One line, one request, whole story
A typical edge log line carries: timestamp, client IP (or a privacy-safe truncation), method and full URL with query string, status code, response bytes, cache result, one or more duration fields, protocol and TLS version, the serving location, and the request's User-Agent and Referer. Vendors name these differently and let you add more, but the anatomy repeats. The mental shift that makes lines readable: each is an edge-side record — durations are measured at the edge, the URL is post-normalization (what the cache actually keyed on, which is why log lines are the ground truth for cache-key audits), and one user page view fans out into dozens of lines, one per asset.

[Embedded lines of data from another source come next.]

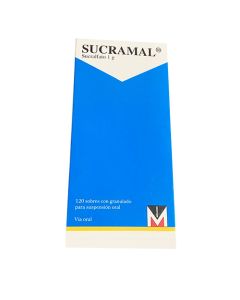 SUCRAMAL 1 GR X 1 SOB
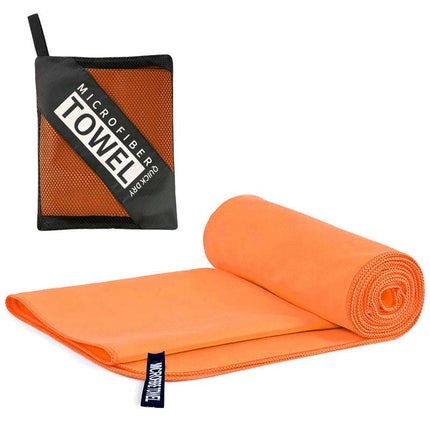 Microfiber Gym Towels Sports Fitness Workout Sweat Towel Super Soft and Absorbent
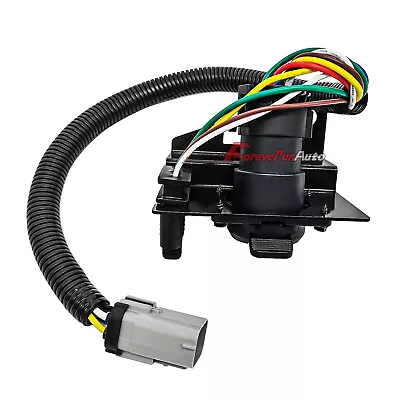 Trailer Tow Wiring Harness 4 & 7 Pin Plug For 02-04 Ford F-250 F-350 Super Duty • $45.90
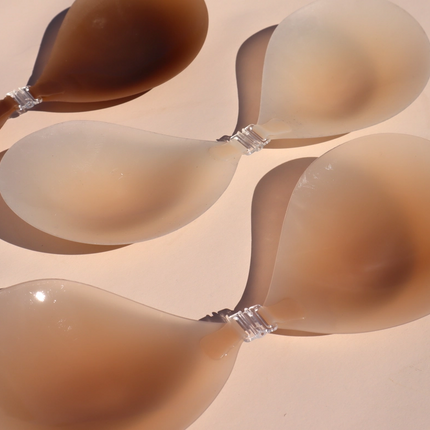 Seamless Stick-On Bra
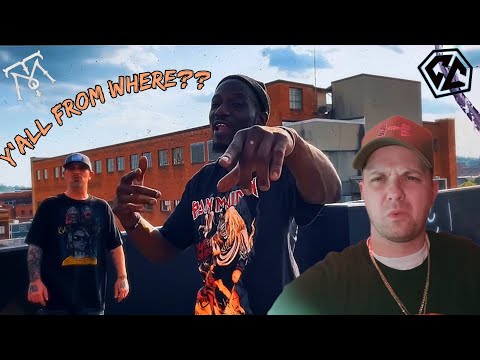 This beat goes hard!! The Stixxx- Georgia #reaction #traylormade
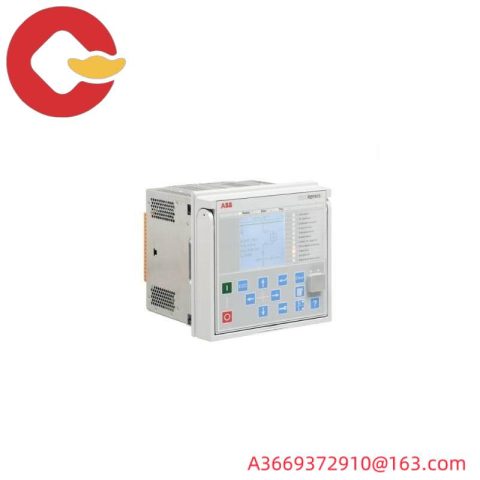 ABB REF615 HCFKAEADANB2BAA11E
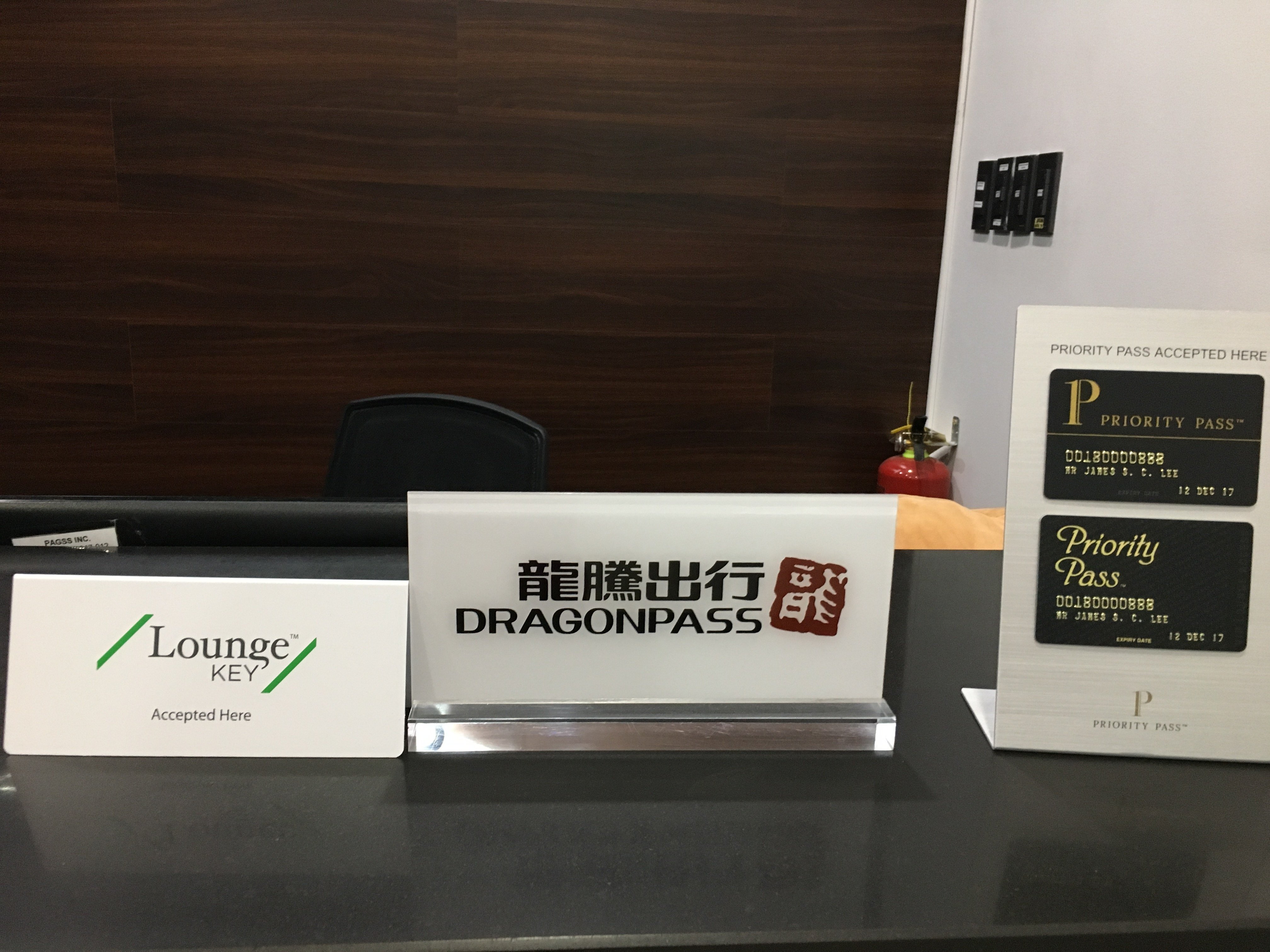 PAGSS Premium Lounge (Domestic), photo 10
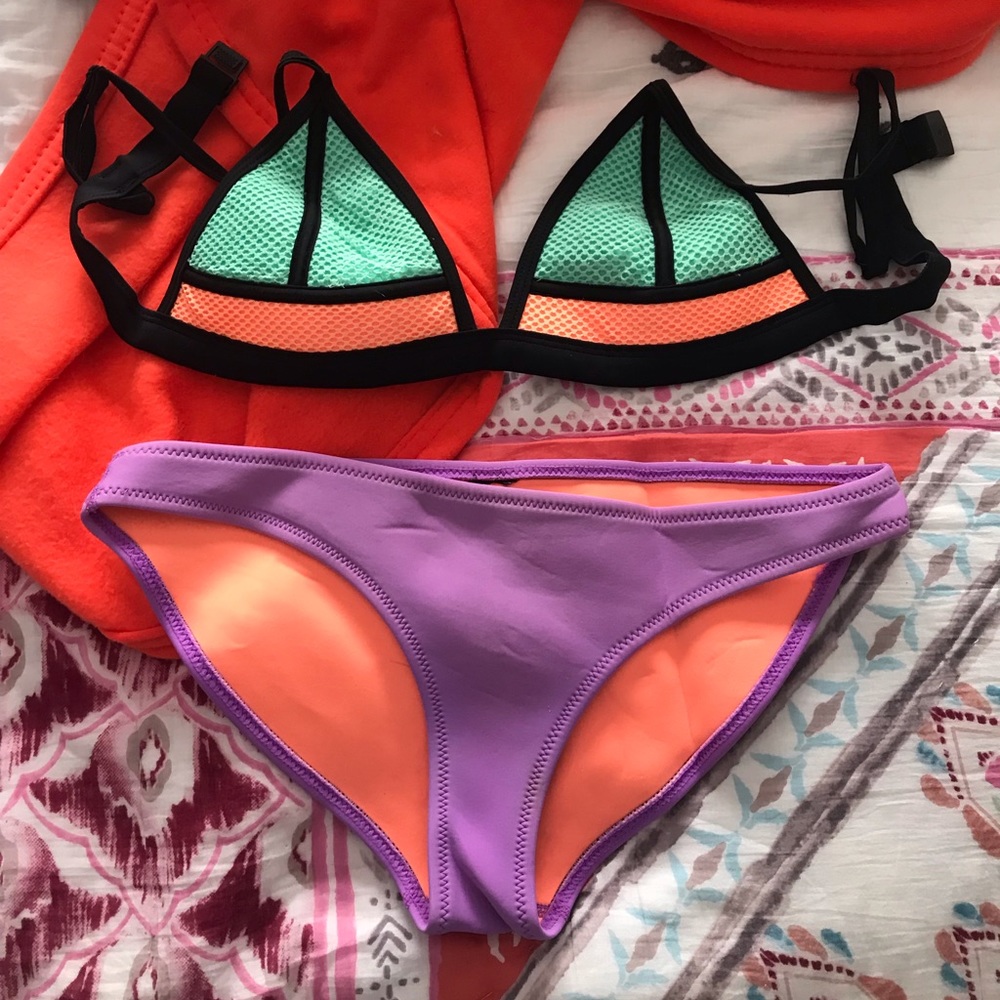 Authentic Triangl bikini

Cache status and its dialects
The cache-result field is the most valuable column and the most dialect-ridden. The core vocabulary: HIT (served from edge storage), MISS (fetched from origin and typically stored), PASS or DYNAMIC or BYPASS (deliberately not cached — configuration said don't), EXPIRED or REVALIDATED (was stored, TTL lapsed, checked with origin — a cheap 304 conditional if validators are set), and STALE or UPDATING dialects (served old content while refreshing, i.e. serve-stale working as designed). The reading habit that matters: distinguish "miss" from "pass" religiously. Misses are a tuning problem — the object was cacheable and wasn't there. Passes are a policy statement — and a surprising volume of PASS on things that look static is how sites discover a cookie or header quietly disabled caching estate-wide.
The timing fields: total vs origin
Most platforms offer at least two durations, and the pair is the point: total request time (arrival to last byte sent) and origin or upstream fetch time (edge asks origin, origin answers). On a HIT the origin field is empty or zero — as it should be. On a MISS the two together attribute every millisecond: origin time belongs to your application and its network path; total minus origin is edge processing plus delivery to the client. This pair is the log-side half of the decomposition in the TTFB guide: client timing tells you the user's experience, these fields tell you which side of the edge caused it. One subtlety worth knowing for your platform: whether total time includes delivery to a slow client (it usually does), because a "slow" line with fast origin time and huge bytes may just be a phone on 3G doing its best.
Bytes, protocol and the POP
Three supporting fields turn good reading into fluent reading. Response bytes, read against the URL, catches compression failures (a text asset logging ten times its compressed size), unversioned assets being re-downloaded, and the one giant object dominating a bill. Protocol and TLS version give you adoption by population — your HTTP/3 share and any lingering TLS 1.2 clients — measured on real traffic, no instrumentation needed. And the POP or serving-location code answers "where was this user served from?", which is how you catch routing surprises: a Manila user consistently logged at a US west-coast location is a peering story that no origin optimization will fix. Percentile any duration by POP and you have a free geographic performance report.
Sight-reading: three worked lines
Three shapes to internalize. A line with HIT, 12 ms total, no origin time: the system working; thousands of these are the background hum. A line with MISS, 840 ms total, 790 ms origin: the edge added 50 ms and your origin owns the rest — an application ticket, with the URL attached. A line with PASS, 300 ms, on /logo.png?utm_campaign=spring: nothing is broken and everything is wrong — policy is refusing to cache an obviously static object, probably over query strings or cookies, and a rule change would convert that population to 12 ms hits. When a page is slow and nobody knows why, pull its lines and read them in order; the answer is usually in the third column you look at, and the triage guide turns this reading into a repeatable drill.